ASSIGNED TASK:
Using the data below, return word for word every line from the one holding "Gallery image of" down to the one holding "Exotic Cars Wallpaper". Leave pictures out.

SOURCE MATERIAL:
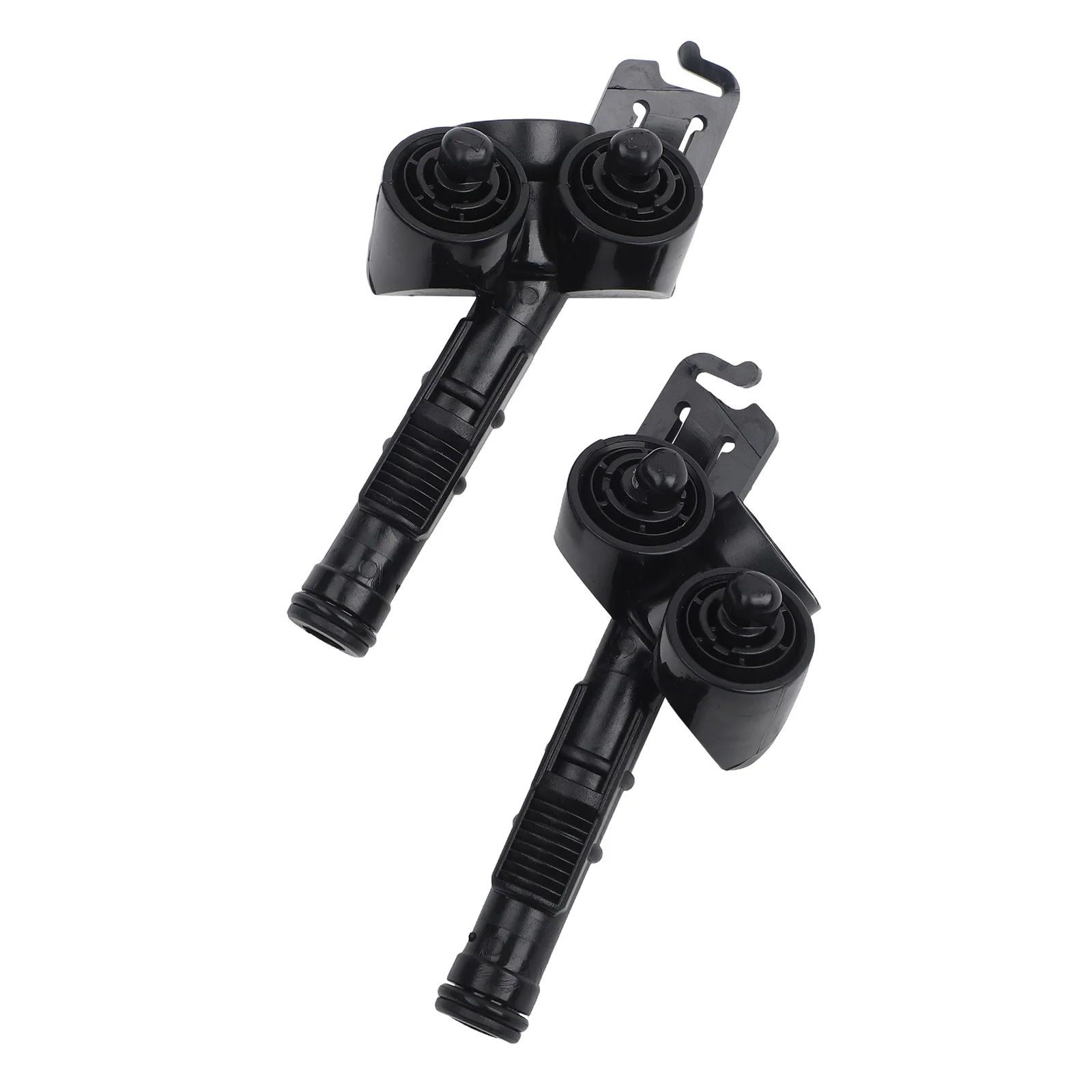 Set of Two Washer Headlight Cleaners Suitable for Various For Volvo Models For S40 For C30 For V50 and For C70
Set of Two Washer Headlight Cleaners Suitable for Various For Volvo Models For S40 For C30 For V50 and For C70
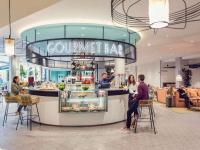 Gallery image of Pullman Madrid Airport & Feria in Madrid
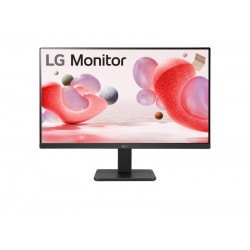 Monitor LG 24MR400 23.8'' FHD IPS 100Hz 5ms,HDMI, Tilt, 3Y - 24MR400-B
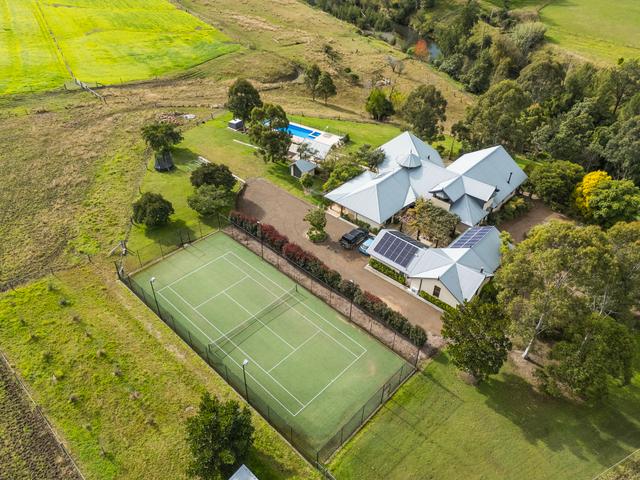 63 Allyn River Road, NSW 2311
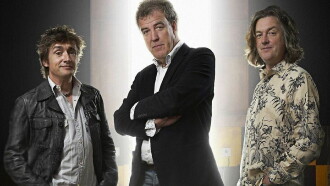 Top Gear: Best of British Trailer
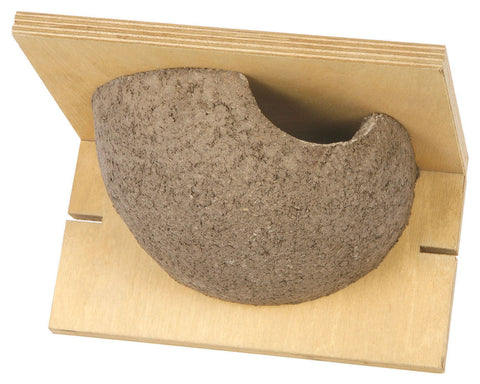 Cj House Martin Nest Single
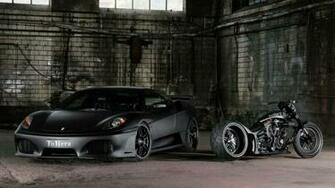 Exotic Cars Wallpaper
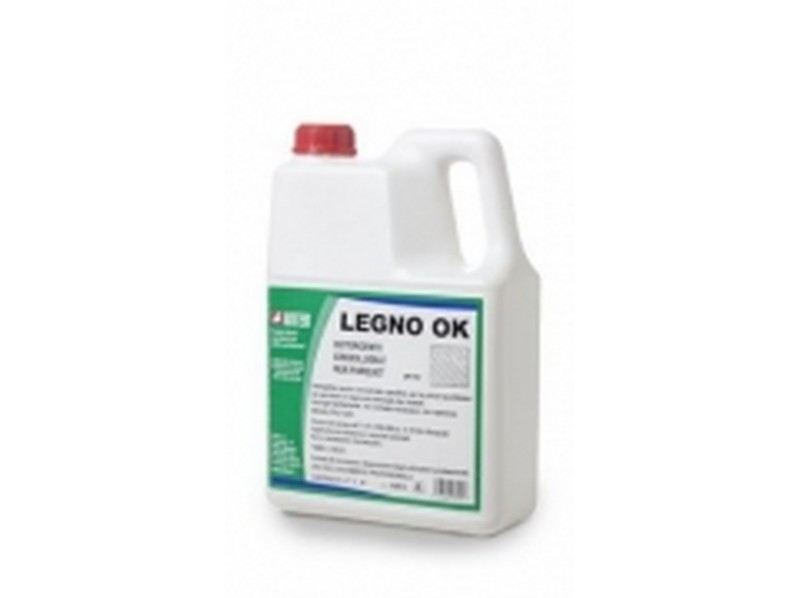LEGNO OK 3L - Koncentrat za održavanje drvenih površina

RESULT OF THIS TASK:
 Gallery image of Pullman Madrid Airport & Feria in Madrid
 Monitor LG 24MR400 23.8'' FHD IPS 100Hz 5ms,HDMI, Tilt, 3Y - 24MR400-B
 63 Allyn River Road, NSW 2311
 Top Gear: Best of British Trailer
 Cj House Martin Nest Single
 Exotic Cars Wallpaper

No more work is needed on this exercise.